Incorporation of Linear Spacer Molecules in Vapor Deposited Silicone Polymer Thin Films.

Abstract

Poly (trivinyl-trimethyl-cyclotrisiloxane) or polyV(3)D(3) is a promising insulating thin film known for its potential application in neural probe fabrication. However, its time-consuming synthesis rate renders it impractical for manufacturing standards. Previously, the growth mechanism of polyV(3)D(3) was shown to be affected by significant steric barriers. This article describes the synthesis of a copolymer of polyV(3)D(3) via initiated chemical vapor deposition (iCVD) using V(3)D(3) as the monomer, hexavinyl disiloxane (HVDS) as a spacer, and tert-butyl peroxide (TBP) as the initiator to obtain nearly a 4-fold increase in deposition rate.

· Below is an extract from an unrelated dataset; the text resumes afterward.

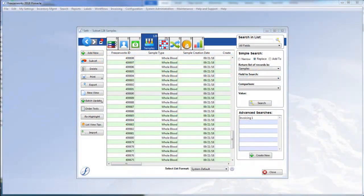Hello, welcome to your sample management solution Freezerworks 2018. Today we're going to take a short look at an easy to use yet powerful search tool called Search by Barcode.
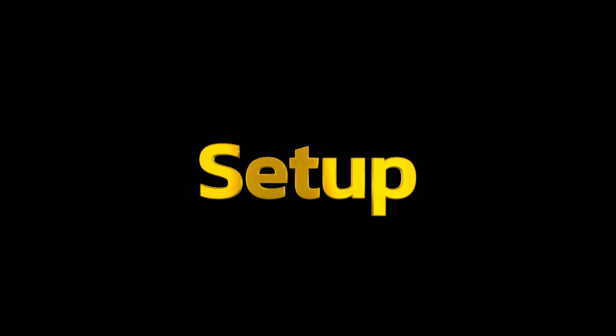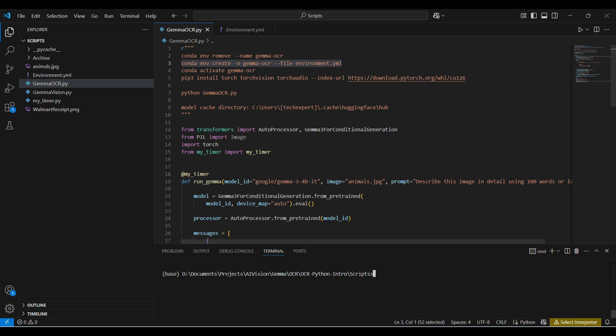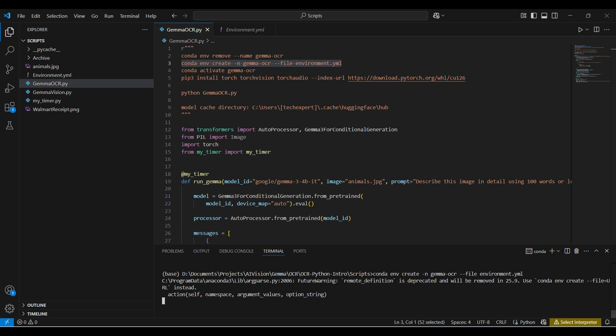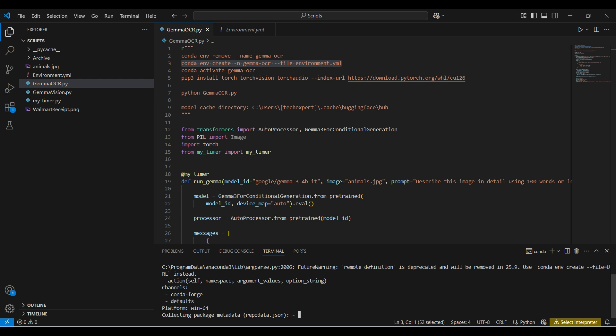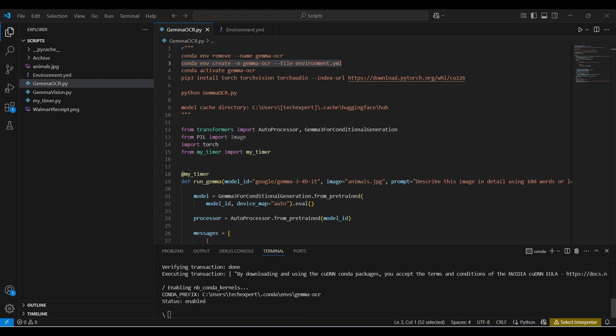First, we have some setup to do. All this code will be in a repo. The link is in the description below. We run this conda create command pointing to a YAML file that contains most of the libraries we will need. If you want more details on how to use VSCode, Conda and Python, see our previous video on this topic.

The film formation kinetics is limited by the adsorption of the reactive species on the surface of the substrate with an activation energy of -41.5 kJ/mol with respect to substrate temperature. The films deposited are insoluble in polar and non polar solvents due to their extremely crosslinked structure. They have excellent adhesion to silicon substrates and their adhesion properties are retained after soaking in a variety of solvents. Spectroscopic evidence shows that the films do not vary in structure after boiling in DI water for 1 hour, illustrating hydrolytic stability. PolyV(3)D(3)-HVDS has a bulk resistivity of 5.6 (±1) × 10(14) Ω-cm, which is comparable to that of parylene-C; the insulating thin film currently used in neuroprosthetic devices.